On Thursday the White House will roll out the red carpet for Prime Minister Narendra Modi of India to “affirm the deep and close partnership between the United States and India” and “strengthen our two countries’ shared commitment to a free, open, prosperous, and secure Indo-Pacific.” A state dinner and Mr. Modi’s address to a joint session of Congress will crown months of fawning assessments of India by everyone from Bill Gates to Commerce Secretary Gina Raimondo.

Here is what Americans need to know about Mr. Modi’s India. Armed with a sharp-edged doctrine of Hindu nationalism, Mr. Modi has presided over the nation’s broadest assault on democracy, civil society and minority rights in at least 40 years. He has delivered prosperity and national pride to some, and authoritarianism and repression of many others that should disturb us all.

Since Mr. Modi took power in 2014, India’s once-proud claim to being a free democratic society has collapsed on many fronts. Of the 180 nations surveyed in the 2023 World Press Freedom Index, India sits at 161, a scant three places above Russia. Its position on the Academic Freedom Index has nose-dived since Mr. Modi took office, putting it on a course that sharply resembles those of other electoral autocracies. The Freedom in the World index has tracked a steady erosion of Indian citizens’ political rights and civil liberties. On the Economist Intelligence Unit’s Democracy Index, India has tumbled squarely into the ranks of “flawed democracies.”

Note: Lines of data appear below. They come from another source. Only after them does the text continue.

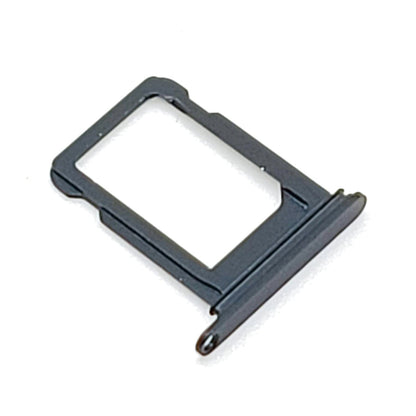 Sim Tray For iPhone 13 Mini In Grey Sim Tray FoneFunShop   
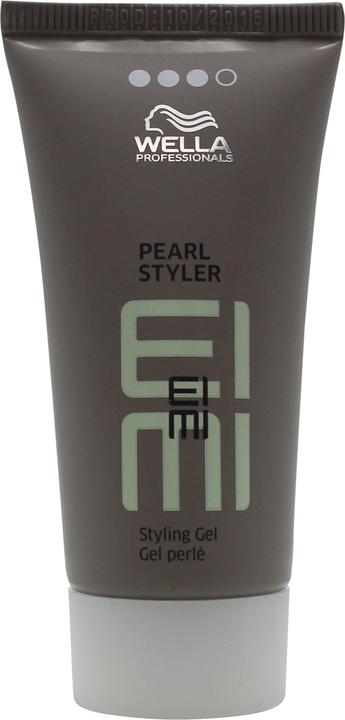Wella EIMI Stilista Perla EIMI (Gel per capelli, 30 ml)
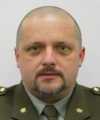 Jiří Hubička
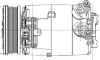 Компресор кондиціонера VOLVO S60 II, S80 II, V60 I, V70 III, XC60 I, FORD GALAXY II, GALAXY MK II, MONDEO IV, S-MAX, LAND ROVER FREELANDER 2, RANGE ROVER EVOQUE 2.0 09.09-12.19 MAHLE / KNECHT ACP1357000P (фото 12)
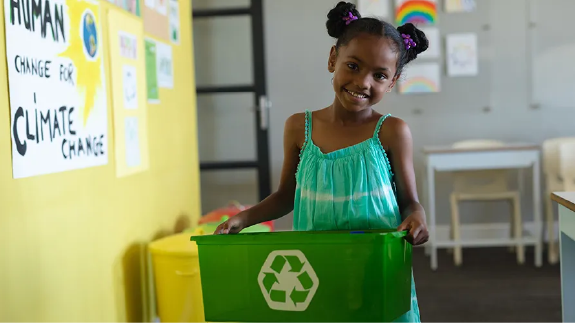 WBG_Education's tweet photo. What role does #education play in shaping climate-related attitudes, behaviors, and results? 

🔎 Read our new blog to find out the answer: https://t.co/O1y7VV9UdC

#InvestInPeople https://t.co/DIuhfB8LqZ
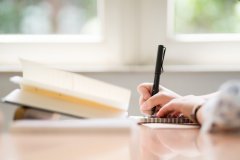 澳洲商学院最好的大学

A working paper from the Indian government dismisses such metrics as “perception-based.” Sadly, it is no “perception” that the government systematically harasses its critics by raiding the offices of think tanks, NGOs and media organizations, restricting freedom of entry and exit, and pressing nuisance lawsuits — most conspicuously against the opposition leader Rahul Gandhi, who was recently ejected from Parliament after his conviction on a ludicrous charge of having defamed everybody named “Modi.” It is no “perception” that Muslim history has been torn from national textbooks, cities with Islamic eponyms renamed and India’s only Muslim-majority state, Jammu and Kashmir, stripped of its autonomy.  
As for India’s readiness to partner on efforts to combat climate change — one of the Biden administration’s highest hopes — the Indian government has cracked down on climate activists and just removed evolution and the periodic table from the curriculum for under-16-year-olds in its ongoing assault on science.  
Healthier ways to engage with India begin with understanding that Mr. Modi’s version of India is no less skewed than Donald Trump’s of the United States, even if Mr. Modi has been more successful at getting the media and global elite to buy into it.
Why does it too often look like democracy is weaker than authoritarianism? And why do various rising dictatorship look increasingly like the one now unfolding in the US? The tactics authoritarians use worldwide keep looking more like what the GOP is doing to America, Putin is doing to Russia, and what Viktor Orban has done to Hungary.

The US believes it needs good relations with India to help it fight a new Cold War with China. But India has become mostly authoritarian. Modi is going to do what he sees as in his and India's interest, whether or not it is in the US interest. Sure, the US can and should be on at least somewhat friendly terms with dictatorships. But to praise dictators like Modi as presiding over "free and open" countries undermines democracy. India is no longer free or open. It seems that democracy can no longer defend itself very well against the rising global tide of authoritarianism.